■ **Information provided**:
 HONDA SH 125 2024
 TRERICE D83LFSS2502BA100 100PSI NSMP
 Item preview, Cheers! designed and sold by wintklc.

■ **Description of the task**: Each of the lines above should be printed again precisely as it reads.

■ **Response below**:
 HONDA SH 125 2024
 TRERICE D83LFSS2502BA100 100PSI NSMP
 Item preview, Cheers! designed and sold by wintklc.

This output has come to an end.